His insides were not visible, there was no gushing blood, but by the level of his whimpering someone could guess we were dealing with an almost lethal wound. We put water, we hugged him and he was unconsolable. Among his tears, there was only one word he mumbled: bandaid
We are at the stage of development when bandaids hold their most magical power. The tiniest scratches get better by just covering the wound with one of them. And if they have a special design, more than one would be needed - thank you marketers!. Sometimes, I am sure I am not the only one, I even offer a bandaid as a consolation price.
The problem is that today I did not carry one with me. So the playdate at the park with a fun friend on a gorgeous day was aborted soon after. We needed to get home to get bandaids. And we did!
After looking for a package and making sure I grabbed extra to leave in my purse I realized adults never really outgrow the stage my son is at. We want to cover every problem thinking that if we can’t see it, it does not exist. But the truth is that in life covering anything does not lead to healing, it only avoid us the pain of seeing it. The magic of the bandaid resides on its capacity to hide a wound; the magic of an emotional bandage is that the wound remains untouched, it seldom disappears.

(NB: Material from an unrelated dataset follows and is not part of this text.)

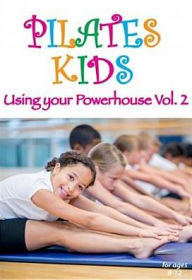 Title: Pilates Kids: Using Your Powerhouse - Vol. 2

The process of healing is an active role. It is true that some wounds need time, and some leave scars. But if we truly, absolutely, positively want to cure any lesion we need to work at it. We need to tend to its root, apply whatever pomade it needs, take care of any infection, clean it, observe it, check it constantly. That is where the dichotomy lies: we tend our soul with the same oblivion that a kid treats its wound: let’s cover it and leave.
Today, regardless of all of my negotiation tactics, my son begged to abandon a playdate he was looking forward to in search of a bandaid. I wish I would have told him that although the trust he has put in a bandage might help him to remain faithful in the future, the truth is that sometimes we need to let our wounds free, exposed to the air, to time until his tender care help them heal. One day he will learn that sometimes the most painful process is ripping a bandage, but as in other moments in his life, the pain will eventually go away.
So, dear kid, enjoy this stage and know that if I can’t catch you, at least I will give you any remedy you think you need, call it a bandaid or just a kiss. I will alway be here to tend to you, and I hope in the process I teach you that whatever the wound, there are no better remedies than love, time and active, tender care. Let any bandage be your strength medal and not a mask that disguises the pain. Let life be your playground, because even when you fall, you have the strength to get better….every time…at every stage of your life.